Kütüphane mimarisi süslemeler ile tamamlanmıştı. Vitruvius kütüphane zemininin yeşilimsi bir mermer ile kaplandığını bunun okuyucunun gözüne hoş göründüğünü bize aktarmaktadır. Roma döneminde ise kütüphanelerin parlak mermerlerle kaplandığını ayrıca ahşap oymalı ince işçilikli süslemelerin de yer aldığını kaynaklardan öğreniyoruz.

f) Aydınlanma

Kütüphaneler pencereler ile aydınlanıyor. Bu pencereler genelde nişlerin ve apsislerin üzerinde yer alıyordu ve gece dıştan demir kapaklarla örtülüyordu. Bazı örneklerde ise çatının üzerindeki merkezi bir açıklık da aydınlanmayı sağlıyordu.

g) Nemden Korunma

Vitruvius kütüphanelerin doğuya yönlendirilmelerinin yapının içinde bulunan kitapları çürümekten kurtardığını belirtmektedir. Böylece güney ve batıdan esen nemli rüzgarlardan korunacaktır. Ayrıca çift duvar sistemi ile iç ve dış duvar arasında bir koridor oluşturularak hava akışı sağlanıyor ve rutubet önleniyordu.

h) Üst kat ve merdivenler

Hem merdiven izleri hem de podyumlar üzerindeki sütun dizileri izlerine dayanarak üst katların olduğunu anlayabiliyoruz.
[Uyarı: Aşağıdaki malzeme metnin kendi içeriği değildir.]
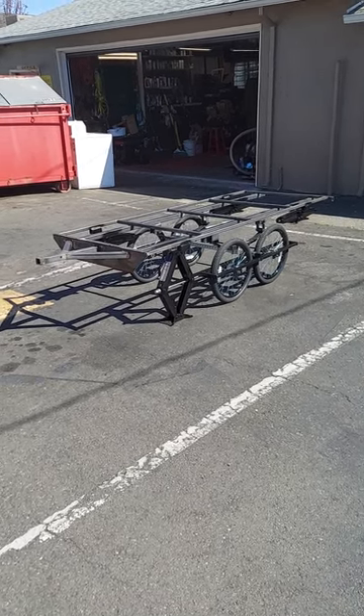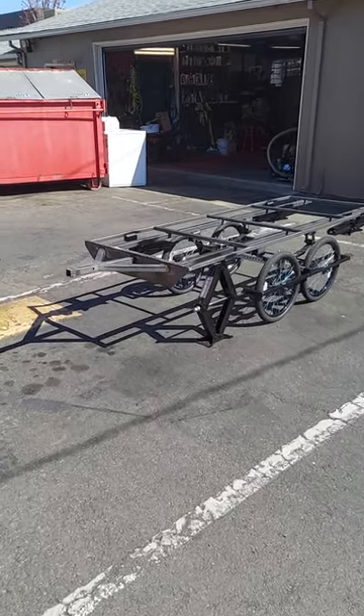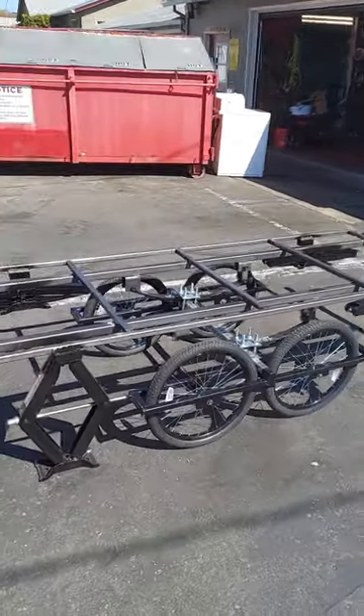So it's April 26th, 2023. This is the bicycle slide-out trailer, and I think it's video number nine now.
Merdivenler de ahşap malzemeden yapıldığından çoğu koruna gelmemiştir. Dayanıksız, organik yapıların günümüze kadar gelmesi daha zordur.

İşte Senin İçin Arkeolojik Bir Parça: Tralleisli Seikilos un Antik Şarkısı : Şuana kadar bulunan ilk notalı müziktir kendileri... 

Dış Düzen

Kütüphaneler çoğunlukla sütun ve heykellerle bezenmişler ve portikler ve sütunlarla avlulara bağlanmışlar. Özellikle sütunlu avlularda bilginlerin gezinip dinlendiklerini biliyoruz.

Kütüphane Memurları

Roma’da kütüphane memurları esir sınıfından idiler. Müdür ise genellikle şövalye sınıfından olurdu.

Ephesos Kenti ve Tarihçe

Roma eyaletlerinde rastlanan ve günümüze korunagelmiş kütüphanelerin biri de Ephesos’da yer almaktadır. Celsus kütüphanesi şehrin mermer caddesinin doğuya kıvrıldığı köşesinde, agoranın güneyinde ve küçük bir alan içinde bulunmaktadır. Agora ile bağlantısını İmparator Augustus zamanında inşa edilen Mithradates kapısı ile kurar.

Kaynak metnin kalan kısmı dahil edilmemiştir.